Master-slave synchronization delay is also easy to ignore when troubleshooting problems.

Sometimes we encounter the weird problem that we can't get the information from DB, and we wonder whether there is some logic in the code that deletes the previous writes, but finds that we can read the data again when we query it after a period of time. This is basically the problem of master-slave delay.

Therefore, the time lagging behind from the database is generally regarded as a key DB index, monitoring and alarm, the normal time is at the ms level, if you reach the s level, you will give an alarm.

Master-slave delay time warning, then how to judge by which index in which database? In the slave library, by monitoring the show slave

The value of the Seconds_Behind_Master parameter output by the status\ G command determines whether there is a master-slave delay.

This parameter value is copied by comparing the timestamp and io_thread of event executed by sql_thread

Event's timestamp (abbreviated as ts) is compared to get such a difference.

However, if the io_ thread load of the replication synchronization master library bin_log log is too high, the Seconds_Behind_Master has always been 0, that is, there is no early warning, and it is not accurate to judge the delay by the value of Seconds_Behind_Master. In fact, you can also compare the binlog positions of master and slave.

3 how to access DB

The use of master-slave replication to replicate data to multiple nodes and the separation of read and write from DB is also achieved, and the use of DB also changes:

In the past, only one DB address was needed.

Now we need to use one master library address, multiple slave library addresses, and need to distinguish between write operation and query operation, combined with "sub-library sub-table", the complexity is greatly increased.

In order to reduce the complexity of implementation, many DB middleware have emerged in the industry to solve the access problem of DB, which is roughly divided into:

3.1 within the application

TDDL (Taobao Distributed Data Layer), for example, runs embedded in the application in the form of code. Can be seen as a data source agent, its configuration manages multiple data sources, each data source corresponds to a DB, which may be a master library or a slave library.

When there is a DB request, the middleware sends the SQL statement to a specified data source and returns the processing result.

Advantages

It is easy to use and low deployment cost, because it is implanted inside the application and runs with the program, which is suitable for small teams with weak operation and maintenance.

Shortcoming

Lack of multilingual support, all developed by the Java language, can not support other languages. Version upgrades also rely on updates from the user.

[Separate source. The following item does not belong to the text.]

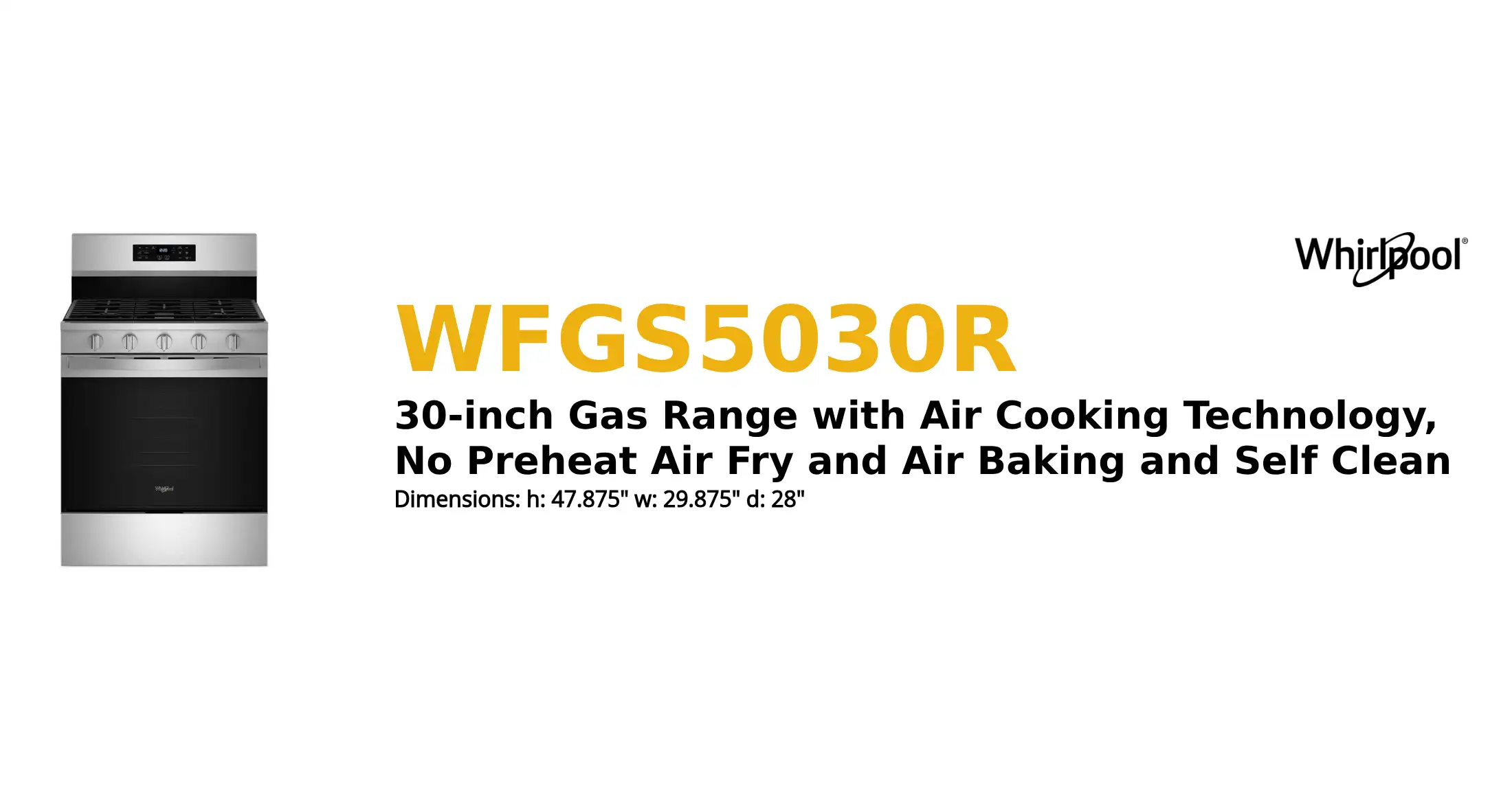 WFGS5030R product brief thumbnail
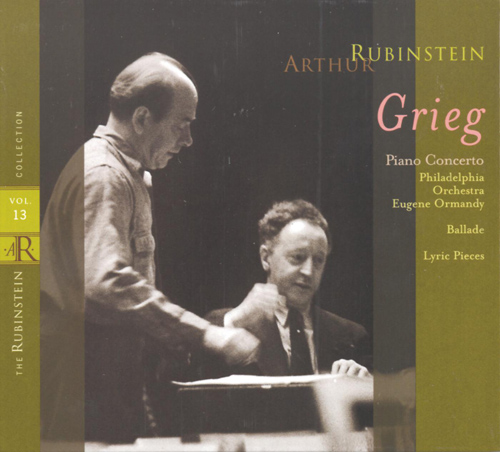 Imagen de apoyo de  GRIEG, E.: Piano Music (Rubinstein Collection, Vol. 13) (Rubinstein, Philadelphia Orchestra, Ormandy)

3.2 independently deployed proxy layer solution

Such as Mycat, Atlas, DBProxy.

This kind of middleware is deployed on a separate server, and the business code is like using a single DB. In fact, it manages a lot of data sources internally. When there is a DB request, it will rewrite the SQL statement as necessary and then send it to the specified data source.

Advantages

Standard MySQL communication protocol is generally used, so it can support multiple languages

Independent deployment, so easy to maintain and upgrade, suitable for large and medium-sized teams with the ability of operation and maintenance

Shortcoming

All SQL statements need to span the network twice: from the application to the proxy layer and from the proxy layer to the data source, so there will be some performance loss.

The above is all the contents of the article "how MySQL supports 100 million-level traffic". Thank you for reading! I believe we all have a certain understanding, hope to share the content to help you, if you want to learn more knowledge, welcome to follow the industry information channel!

Welcome to subscribe "Shulou Technology Information " to get latest news, interesting things and hot topics in the IT industry, and controls the hottest and latest Internet news, technology news and IT industry trends.

*The comments in the above article only represent the author's personal views and do not represent the views and positions of this website. If you have more insights, please feel free to contribute and share.